Arizona Supreme Court Holds That Property Owner Who Quarreled With Light Rail Construction Should Be Compensated For Lost Access
Late last week, the Arizona Supreme Court handed down a decision that clarified the rights of property owners who lose access to an abutting road and, in the process, reinforced the principle that both elimination and substantial impairment of access is compensable under the Arizona Constitution. But perhaps more significant, the Supreme Court in City of Phoenix v. Garretson held that a property owner should be compensated even if it retains relatively convenient access to that road through other means.
In so holding, the Supreme Court no doubt sent initial shockwaves through public works departments across Arizona who may be wondering whether they are hamstrung in making even basic traffic improvements. For the reasons discussed below, however, there is little cause for concern based upon the Garretson decision.
Factual Background. The dispute in Garretson centered around a commercial parking lot in downtown Phoenix. The property is bounded by Jefferson Street to the north, 1st Street to the east, Madison Street to the south, and a smaller parcel abutting Central Avenue to the west.
In 2005, the City of Phoenix offered to purchase a temporary construction easement on the property for use in connection with the construction of the Light Rail project, to which Garretson agreed.
As part of the construction, the City placed rail tracks on the north side of the property and erected a curb which permanently blocked two driveways on the property that had previously allowed direct access to and from Jefferson Street.
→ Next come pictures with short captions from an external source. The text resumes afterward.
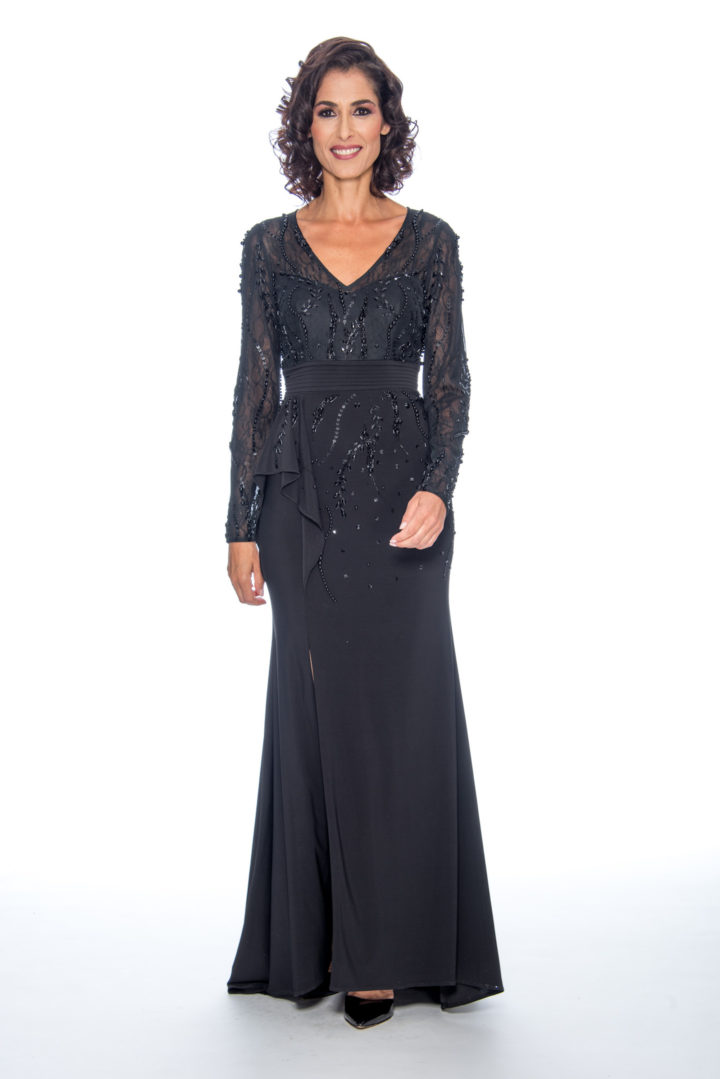 Beaded top, ruffle skirt, long dress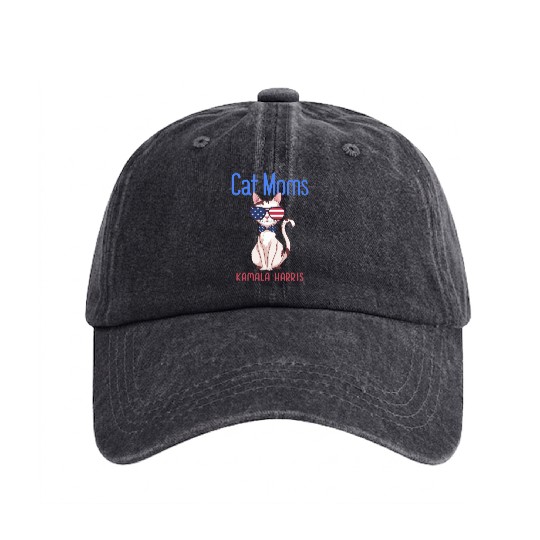 Cat Mom for Kamala Harris | 2024 Washed Denim Baseball Caps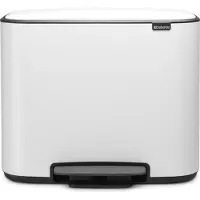 Brabantia Pedalspand Bbrabantia Bo, 11 + 23 ltr. hvid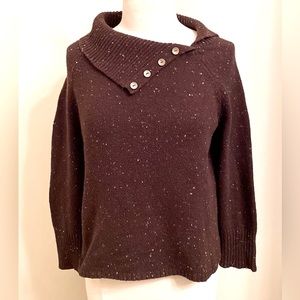 J. Jill Petite Brown Speckled MP Cottagecore Rustic Earthy Casual Knit Sweater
However, the property still retained access from Madison Street and First Street:
Shortly after completing the Light Rail, the City filed a complaint in eminent domain to determine just compensation for the easement. In his answer, however, Garretson claimed the right to be compensated for the loss of access to Jefferson Street and the resulting reduction in property value. The City responded that it had exercised its authority to control access to roadways as part of its police power, and that any damage to the property from loss of access to Jefferson Street was non-compensable. Alternatively, the City argued that, because Garretson retained access to the property through other routes, his access had not been substantially impaired in a manner justifying compensation.
The trial court granted partial summary judgment for the City, reasoning that a property owner may not receive compensation of loss of access to a thoroughfare if the owner otherwise retains “free and convenient access” to the property. The Court of Appeals reversed, holding that, when the government eliminates a property owner’s established access to an abutting street while the owner retains access from another street, the owner is not necessarily foreclosed from obtaining compensation. The City appealed, leading to last week’s decision.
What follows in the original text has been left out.